1. Create a plan Break down everything you need to revise into small topics and just revise one topic at a time. Work in 20-minute sessions. By creating a plan you are taking control.
2. Set targets Identify when you are going to revise each topic. Give yourself a time limit for when to complete each topic. Work in 20-minute sessions.
3. Check progress Check your progress and set yourself a new time limit if necessary. Once you’ve met a target, set yourself a new one.
We recommend that you teach these spd rdng techniques to a friend (or two). As well as helping you consolidate your new skills, it will also allow you to study collaboratively, which will bring immense benefits. Try syntopic processing (>22)using different books, or the same books in a different order – particularly for subject overviews, or on revision exam questions.

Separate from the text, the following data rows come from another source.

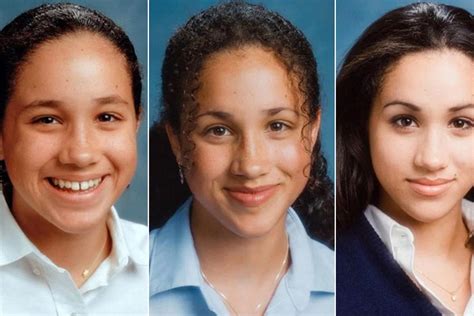 Unpublished photos of Meghan Markle before her surgeries are leaked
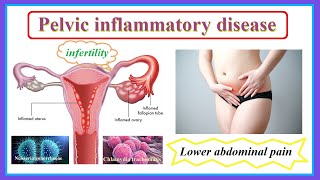 pelvic inflammatory disease [upl. by Laehcimaj]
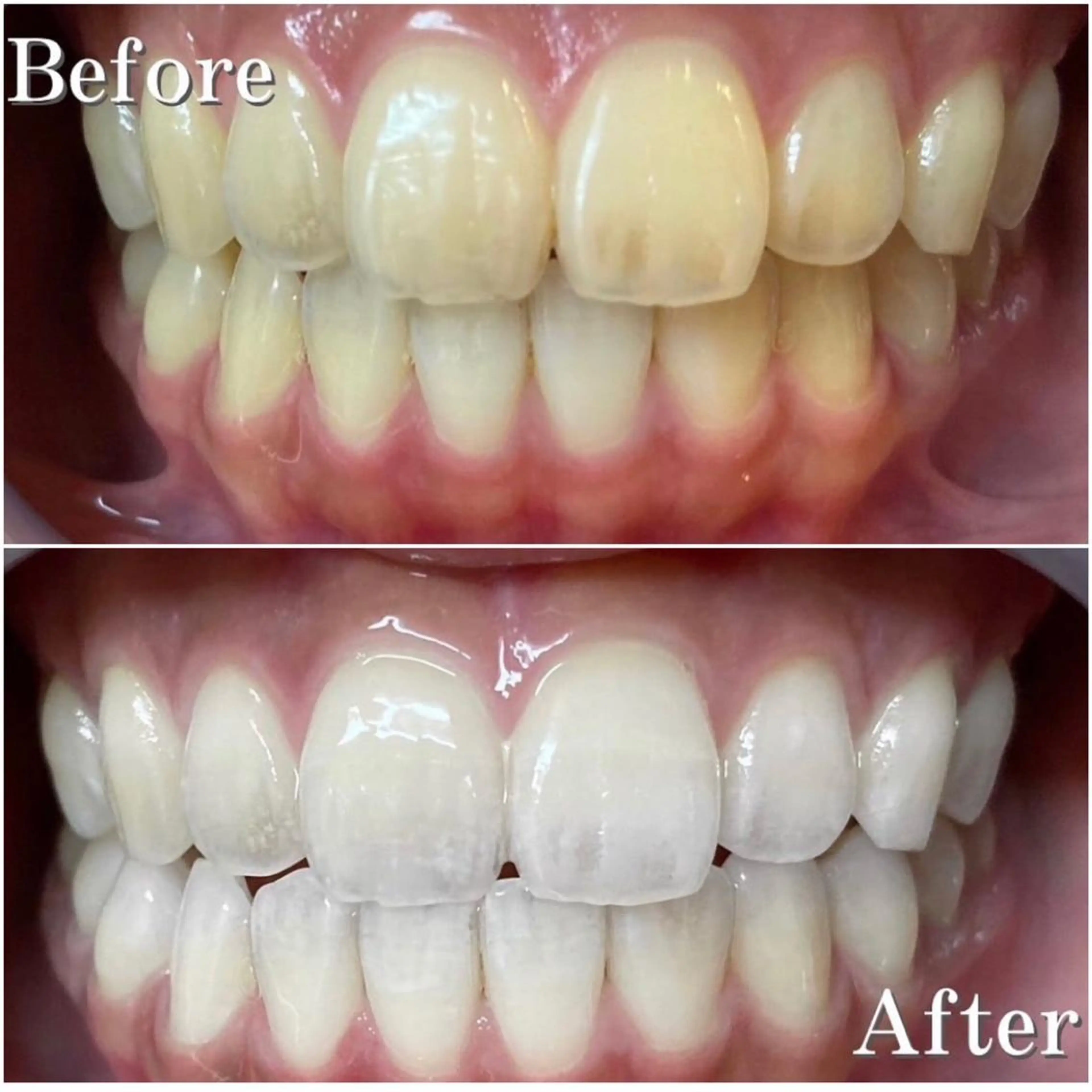 その他 LBSホワイトニング 🌸梅田店公式のその他イメージ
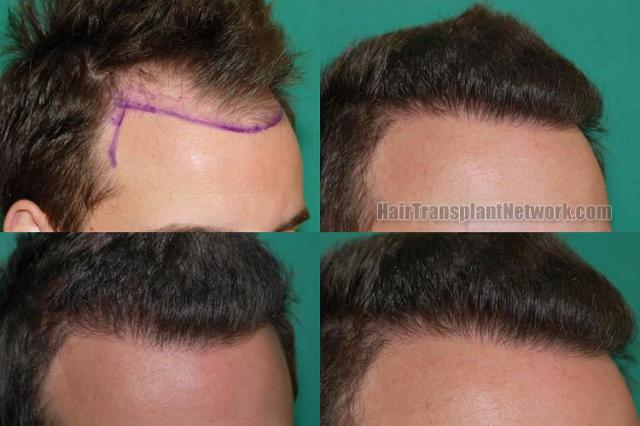 Hair restoration procedure before and after results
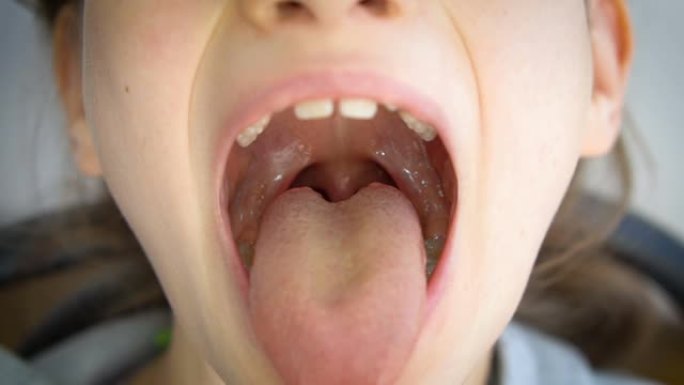 张开嘴巴，伸出舌头，看到小舌和小女孩的软腭，小儿牙科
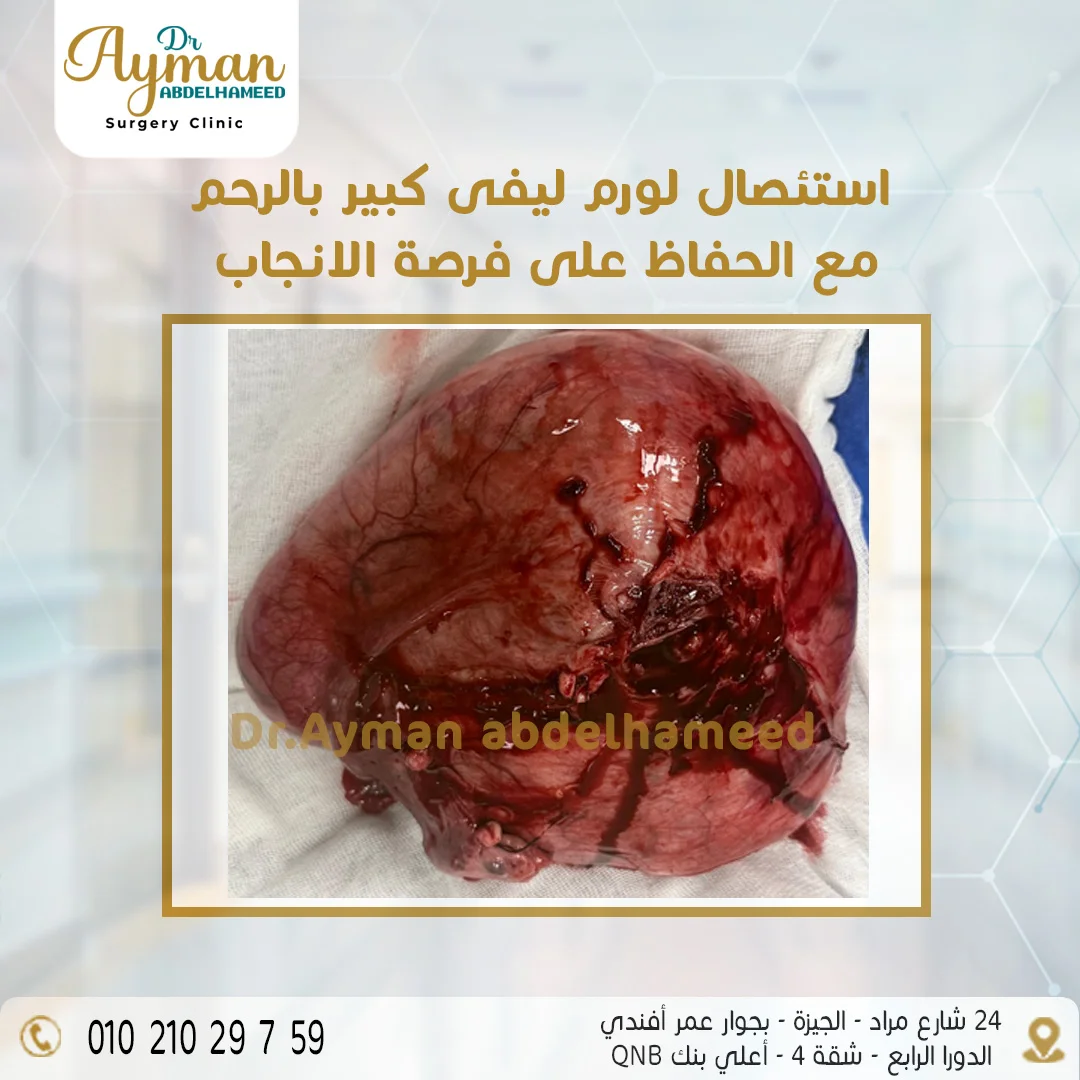 Read more about the article استئصال ورم ليفي كبير من الرحم مع الحفاظ على فرصة الإنجاب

You can take notes on different aspects of a subject and share your results or prepare questions on different texts for one another. You can collaborate face to face or online.
Stress – how to deal with it: get into a good state for learning and exams
Stress is responsible for 80% of the problems with studying, learning and problems with exams. By learning how to deal with stress you’ll be able to pass exams and study smarter than before. Learn how to get into a good state for learning and taking exams so you can perform your best at important times. One technique of dealing with stress is journaling. Research has shown that simply writing down your worries and concerns before a stressful exam can help to download them from your mind and they’re less likely to affect your performance and distract you at the exam.
Stress is not necessarily a bad thing – different people react to stress in different ways
Stress can be a motivating factor for some students, giving them the ‘get up and go’ that they need to succeed. Other students can be indifferent to stress; they can float along without getting affected by stress. Stress is not a good thing when exam pressures become overwhelming. The key things to remember are that: stress is nothing to be scared of, anxiety is not inevitable and you can learn how to cope more effectively.
The key signs of high exam anxiety
• dizzy or faint
• fast heartbeat
• tight churning in the stomach
• jelly or wobbly legs
• feeling excessive tension
• feeling panic
• feeling overwhelmed
• feeling not in control
• going blank in an exam
• difficulty concentrating
• negative thoughts about past performance or consequences of failure
The key things to remember are that: most people experience some of these signs during exams, high exam anxiety is when you experience them most of the time and you can learn to control your physical reactions to anxiety
How to control physical reactions to anxiety with breathing
When you become anxious your breathing becomes shallow and fast. Breathing slowly and deeply will help you calm down and feel in control. You can learn to control anxiety with breathing and many people find it easier to learn with an instructor as well as yoga or mindfulness classes can also be helpful.
How to feel more confident about exams
What are negative beliefs?
Many people with high exam anxiety can’t stop worrying about failing or the consequences of failing. For instance, ‘If I fail my GCSEs my whole life will be a failure’. These types of beliefs and thoughts focus on what you can’t do rather than what you can. If you experience anxiety, replacing negative beliefs and thoughts can help and some people find it useful to keep a record of their beliefs, thoughts and feelings and you can become a more confident student with a ‘can do’ attitude.
How to replace negative beliefs with positive beliefs
Find a positive, realistic belief and thought that can replace the negative belief. For example, if your negative belief is ‘I am rubbish at maths’ a positive, realistic alternative could be: ‘Even if I will never be the best at maths, I will better if I have a revision plan and stick to it’.